Casa Grande’s Jesus Ramos has his hand raised in victory after knocking out Rickey Edwards in the third round of a junior welterweight fight Sept. 21, 2019, at Rabobank Arena in Bakersfield, Calif. Ramos (13-0, 12 KOs) will fight Naim Nelson (14-4, 1 KO) on Saturday at Shrine Auditorium in Los Angeles.

LOS ANGELES — A string of impressive knockouts is paving the way to stardom for Casa Grande boxer Jesus Ramos.

The 19-year-old will put his undefeated record on the line Saturday in a 144-pound fight against Naim Nelson (14-4, 1 KO) at Shrine Auditorium in Los Angeles. The fight will be televised on Fox starting at 5 p.m. Arizona time.

Ramos (13-0, 12 KOs) has displayed prodigious punching power in his short professional career. Twelve of his 13 pro fights have ended with him knocking out his opponent, including his last fight against Esteban Garcia on Sept. 6 at Microsoft Theater in Los Angeles.

After stalking the then-undefeated Garcia in the first round and most of the second, Ramos unleashed a barrage of punches with no response from Garcia late in the second round. The referee stepped in to stop the fight, giving a TKO win to Ramos.

Ramos, speaking to PinalCentral for an episode of the Retro Rewind podcast, said he did not know he would be a power puncher until he climbed into the ring for his first professional fights at age 17.

“My dad (and trainer Jesus Ramos Sr.) would always tell me that I hit hard,” he said Friday from his training camp in Colorado Springs, Colorado. “But I never believed him. I was like, he’s my father, he’s my coach, he has to tell me that, you know?”

Then he started his professional career with eight fights in Mexico, since boxers can’t turn pro in the United States until age 18. All eight of those bouts ended with Ramos knocking out his opponent in quick fashion.

“I never believed it until I was knocking people out,” he said. “And they were going out cold. I started having a little more faith in it. Not necessarily relying on my power, but just having faith in it. Having faith that I can hurt somebody ... Realizing that I have that power and what I can do with it and use it to my benefit has helped my career a lot.”

The knockouts continued to pile up after Ramos turned 18 and started fighting in the U.S. He’s only faced one man in the ring who he did not knock out.

It was his first fight on TV and his first fight in Las Vegas, against Kevin Shacks on June 23, 2019, at the Mandalay Bay.

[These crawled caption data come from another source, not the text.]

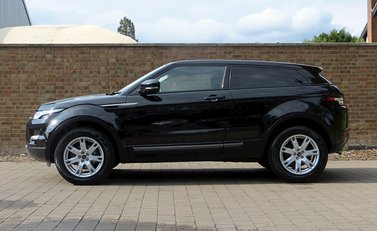 Land Rover Range Rover Evoque 2.2 SD4 Pure Coupe 12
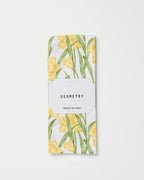 Kitchen Tea Towel with Absorbent Quick-Drying Geoweave Fabric, Daffodil Floral Print, and 18 x 30 Inch Size
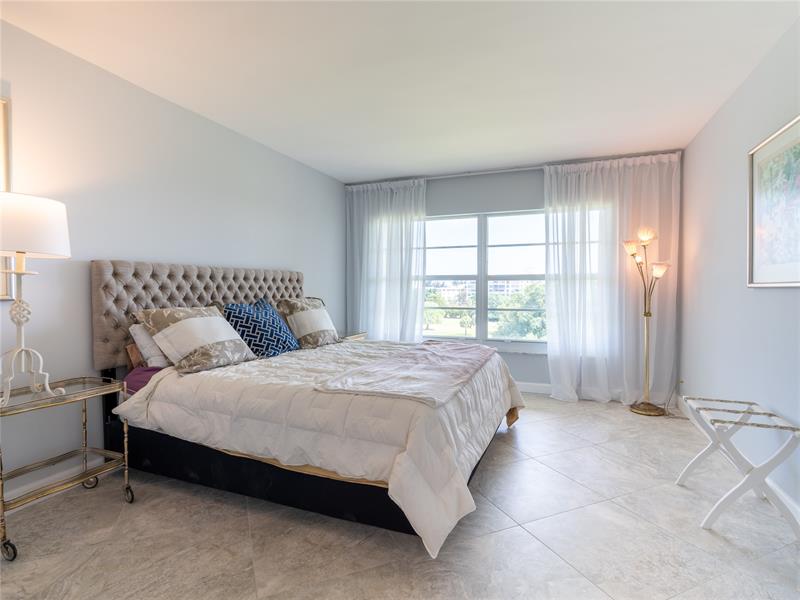 Image 33 of 41 For 2850 Palm Aire Dr  601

It was a four-round fight, and while Ramos won every round en route to a unanimous decision victory, he did not stop Shacks.

That set the stage for Ramos’ next fight three months later against Rickey Edwards in Bakersfield, California. It was another national TV fight, and Ramos was ready to provide fireworks.

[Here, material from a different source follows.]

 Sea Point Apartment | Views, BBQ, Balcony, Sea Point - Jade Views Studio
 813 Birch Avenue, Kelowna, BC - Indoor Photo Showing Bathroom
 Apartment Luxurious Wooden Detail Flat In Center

“Kevin Shacks was the only fight that went the distance ... and I was mad,” Ramos said, adding he started to doubt if he was the power puncher everyone said he was. “I had it in the back of my mind, and I trained hard for the Rickey Edwards fight ... I wanted that knockout.”

Edwards had never been knocked out or stopped, entering the fight with a 12-3 record. But Ramos got exactly what he wanted, and then some.

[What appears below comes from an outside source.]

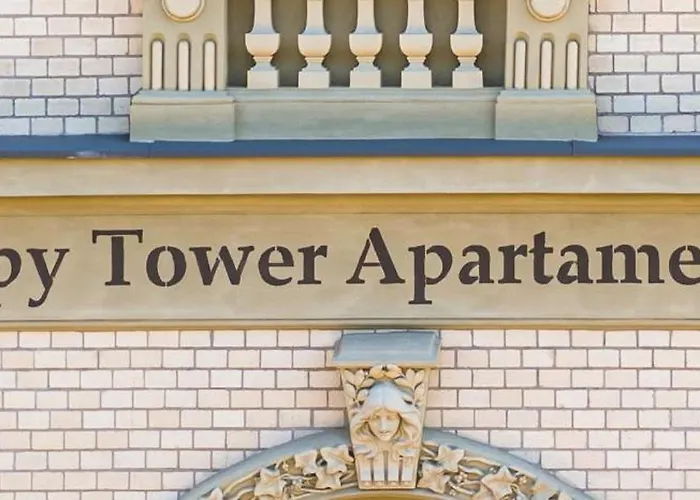 Happy Tower Apartahotel 3*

In the third round, he hit Edwards with a hellacious overhand left to the temple. Edwards crumpled to the canvas in what ringside announcers declared a prime candidate for Knockout of the Year.

“I threw everything into that punch,” Ramos said. “All that anger I had from June (against Shacks), it bursted out with that left hand.”

Ramos went on to win his next fight with a sixth-round stoppage of Ramal Amanov in February before dispatching Garcia in short order to improve to 13-0.

Fans love knockouts, and Ramos is giving the fans what they want to see.

He has another chance to show what he’s capable of Saturday.